Your instructions: Set down the material exactly, keeping every line whole.
(Beginning of Extracted data)
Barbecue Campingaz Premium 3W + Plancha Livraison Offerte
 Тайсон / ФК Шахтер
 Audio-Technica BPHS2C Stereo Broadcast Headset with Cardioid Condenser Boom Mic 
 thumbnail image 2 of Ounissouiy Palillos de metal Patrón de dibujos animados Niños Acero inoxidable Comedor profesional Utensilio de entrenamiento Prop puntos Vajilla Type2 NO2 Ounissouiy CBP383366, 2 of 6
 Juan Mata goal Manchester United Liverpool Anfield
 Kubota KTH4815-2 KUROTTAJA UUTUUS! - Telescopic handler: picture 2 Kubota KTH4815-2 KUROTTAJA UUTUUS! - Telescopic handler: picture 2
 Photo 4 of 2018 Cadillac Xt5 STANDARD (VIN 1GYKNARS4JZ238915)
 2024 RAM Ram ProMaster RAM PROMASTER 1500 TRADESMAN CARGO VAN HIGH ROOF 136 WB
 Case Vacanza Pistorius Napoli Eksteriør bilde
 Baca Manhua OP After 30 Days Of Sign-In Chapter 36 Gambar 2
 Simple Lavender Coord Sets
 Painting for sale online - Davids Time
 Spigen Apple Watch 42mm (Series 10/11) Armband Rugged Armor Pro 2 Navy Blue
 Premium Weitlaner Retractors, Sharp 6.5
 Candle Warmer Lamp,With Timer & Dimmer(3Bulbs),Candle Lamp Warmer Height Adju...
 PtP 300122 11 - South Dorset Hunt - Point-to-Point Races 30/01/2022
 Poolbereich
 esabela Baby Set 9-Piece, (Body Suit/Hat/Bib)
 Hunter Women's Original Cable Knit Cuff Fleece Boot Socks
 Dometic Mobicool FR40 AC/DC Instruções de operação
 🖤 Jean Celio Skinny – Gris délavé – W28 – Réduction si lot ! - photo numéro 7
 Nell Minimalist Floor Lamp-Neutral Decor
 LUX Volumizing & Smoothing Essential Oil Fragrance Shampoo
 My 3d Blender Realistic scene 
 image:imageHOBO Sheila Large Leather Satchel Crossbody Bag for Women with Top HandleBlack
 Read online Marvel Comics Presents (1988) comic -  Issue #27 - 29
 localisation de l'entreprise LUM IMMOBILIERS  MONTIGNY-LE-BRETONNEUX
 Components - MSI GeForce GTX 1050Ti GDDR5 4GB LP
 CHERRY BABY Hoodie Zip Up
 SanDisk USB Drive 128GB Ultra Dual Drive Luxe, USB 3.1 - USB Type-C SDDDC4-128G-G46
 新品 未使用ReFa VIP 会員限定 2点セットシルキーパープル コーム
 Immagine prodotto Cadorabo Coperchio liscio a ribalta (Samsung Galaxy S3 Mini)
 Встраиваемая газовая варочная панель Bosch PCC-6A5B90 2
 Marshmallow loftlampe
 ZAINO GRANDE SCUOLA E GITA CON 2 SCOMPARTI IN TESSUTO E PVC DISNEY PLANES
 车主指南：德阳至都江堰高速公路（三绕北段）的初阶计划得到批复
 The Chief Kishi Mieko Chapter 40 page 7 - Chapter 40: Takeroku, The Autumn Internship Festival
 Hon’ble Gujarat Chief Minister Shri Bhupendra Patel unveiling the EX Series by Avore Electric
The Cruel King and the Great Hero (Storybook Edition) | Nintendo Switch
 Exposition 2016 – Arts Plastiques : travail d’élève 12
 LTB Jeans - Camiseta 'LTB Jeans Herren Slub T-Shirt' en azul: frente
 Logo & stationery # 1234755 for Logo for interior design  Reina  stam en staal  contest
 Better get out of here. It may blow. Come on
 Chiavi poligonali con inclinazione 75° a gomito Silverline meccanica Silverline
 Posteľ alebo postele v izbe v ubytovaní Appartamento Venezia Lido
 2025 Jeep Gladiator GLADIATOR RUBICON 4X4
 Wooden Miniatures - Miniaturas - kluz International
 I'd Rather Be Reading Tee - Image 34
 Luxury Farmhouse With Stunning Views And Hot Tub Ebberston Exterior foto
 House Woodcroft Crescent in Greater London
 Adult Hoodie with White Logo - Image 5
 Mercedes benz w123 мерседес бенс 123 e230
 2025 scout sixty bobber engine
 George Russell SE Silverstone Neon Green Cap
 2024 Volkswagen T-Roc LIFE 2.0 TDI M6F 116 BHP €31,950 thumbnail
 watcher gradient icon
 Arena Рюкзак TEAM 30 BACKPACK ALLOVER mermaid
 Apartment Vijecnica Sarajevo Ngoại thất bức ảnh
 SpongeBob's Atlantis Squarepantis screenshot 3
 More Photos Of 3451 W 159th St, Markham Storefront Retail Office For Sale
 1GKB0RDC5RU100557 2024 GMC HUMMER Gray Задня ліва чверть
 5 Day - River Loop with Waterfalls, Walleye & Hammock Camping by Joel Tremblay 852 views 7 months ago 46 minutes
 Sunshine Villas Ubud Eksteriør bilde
(End of Extracted data)
Answer below:
Barbecue Campingaz Premium 3W + Plancha Livraison Offerte
 Тайсон / ФК Шахтер
 Audio-Technica BPHS2C Stereo Broadcast Headset with Cardioid Condenser Boom Mic 
 thumbnail image 2 of Ounissouiy Palillos de metal Patrón de dibujos animados Niños Acero inoxidable Comedor profesional Utensilio de entrenamiento Prop puntos Vajilla Type2 NO2 Ounissouiy CBP383366, 2 of 6
 Juan Mata goal Manchester United Liverpool Anfield
 Kubota KTH4815-2 KUROTTAJA UUTUUS! - Telescopic handler: picture 2 Kubota KTH4815-2 KUROTTAJA UUTUUS! - Telescopic handler: picture 2
 Photo 4 of 2018 Cadillac Xt5 STANDARD (VIN 1GYKNARS4JZ238915)
 2024 RAM Ram ProMaster RAM PROMASTER 1500 TRADESMAN CARGO VAN HIGH ROOF 136 WB
 Case Vacanza Pistorius Napoli Eksteriør bilde
 Baca Manhua OP After 30 Days Of Sign-In Chapter 36 Gambar 2
 Simple Lavender Coord Sets
 Painting for sale online - Davids Time
 Spigen Apple Watch 42mm (Series 10/11) Armband Rugged Armor Pro 2 Navy Blue
 Premium Weitlaner Retractors, Sharp 6.5
 Candle Warmer Lamp,With Timer & Dimmer(3Bulbs),Candle Lamp Warmer Height Adju...
 PtP 300122 11 - South Dorset Hunt - Point-to-Point Races 30/01/2022
 Poolbereich
 esabela Baby Set 9-Piece, (Body Suit/Hat/Bib)
 Hunter Women's Original Cable Knit Cuff Fleece Boot Socks
 Dometic Mobicool FR40 AC/DC Instruções de operação
 🖤 Jean Celio Skinny – Gris délavé – W28 – Réduction si lot ! - photo numéro 7
 Nell Minimalist Floor Lamp-Neutral Decor
 LUX Volumizing & Smoothing Essential Oil Fragrance Shampoo
 My 3d Blender Realistic scene 
 image:imageHOBO Sheila Large Leather Satchel Crossbody Bag for Women with Top HandleBlack
 Read online Marvel Comics Presents (1988) comic -  Issue #27 - 29
 localisation de l'entreprise LUM IMMOBILIERS  MONTIGNY-LE-BRETONNEUX
 Components - MSI GeForce GTX 1050Ti GDDR5 4GB LP
 CHERRY BABY Hoodie Zip Up
 SanDisk USB Drive 128GB Ultra Dual Drive Luxe, USB 3.1 - USB Type-C SDDDC4-128G-G46
 新品 未使用ReFa VIP 会員限定 2点セットシルキーパープル コーム
 Immagine prodotto Cadorabo Coperchio liscio a ribalta (Samsung Galaxy S3 Mini)
 Встраиваемая газовая варочная панель Bosch PCC-6A5B90 2
 Marshmallow loftlampe
 ZAINO GRANDE SCUOLA E GITA CON 2 SCOMPARTI IN TESSUTO E PVC DISNEY PLANES
 车主指南：德阳至都江堰高速公路（三绕北段）的初阶计划得到批复
 The Chief Kishi Mieko Chapter 40 page 7 - Chapter 40: Takeroku, The Autumn Internship Festival
 Hon’ble Gujarat Chief Minister Shri Bhupendra Patel unveiling the EX Series by Avore Electric
The Cruel King and the Great Hero (Storybook Edition) | Nintendo Switch
 Exposition 2016 – Arts Plastiques : travail d’élève 12
 LTB Jeans - Camiseta 'LTB Jeans Herren Slub T-Shirt' en azul: frente
 Logo & stationery # 1234755 for Logo for interior design  Reina  stam en staal  contest
 Better get out of here. It may blow. Come on
 Chiavi poligonali con inclinazione 75° a gomito Silverline meccanica Silverline
 Posteľ alebo postele v izbe v ubytovaní Appartamento Venezia Lido
 2025 Jeep Gladiator GLADIATOR RUBICON 4X4
 Wooden Miniatures - Miniaturas - kluz International
 I'd Rather Be Reading Tee - Image 34
 Luxury Farmhouse With Stunning Views And Hot Tub Ebberston Exterior foto
 House Woodcroft Crescent in Greater London
 Adult Hoodie with White Logo - Image 5
 Mercedes benz w123 мерседес бенс 123 e230
 2025 scout sixty bobber engine
 George Russell SE Silverstone Neon Green Cap
 2024 Volkswagen T-Roc LIFE 2.0 TDI M6F 116 BHP €31,950 thumbnail
 watcher gradient icon
 Arena Рюкзак TEAM 30 BACKPACK ALLOVER mermaid
 Apartment Vijecnica Sarajevo Ngoại thất bức ảnh
 SpongeBob's Atlantis Squarepantis screenshot 3
 More Photos Of 3451 W 159th St, Markham Storefront Retail Office For Sale
 1GKB0RDC5RU100557 2024 GMC HUMMER Gray Задня ліва чверть
 5 Day - River Loop with Waterfalls, Walleye & Hammock Camping by Joel Tremblay 852 views 7 months ago 46 minutes
 Sunshine Villas Ubud Eksteriør bilde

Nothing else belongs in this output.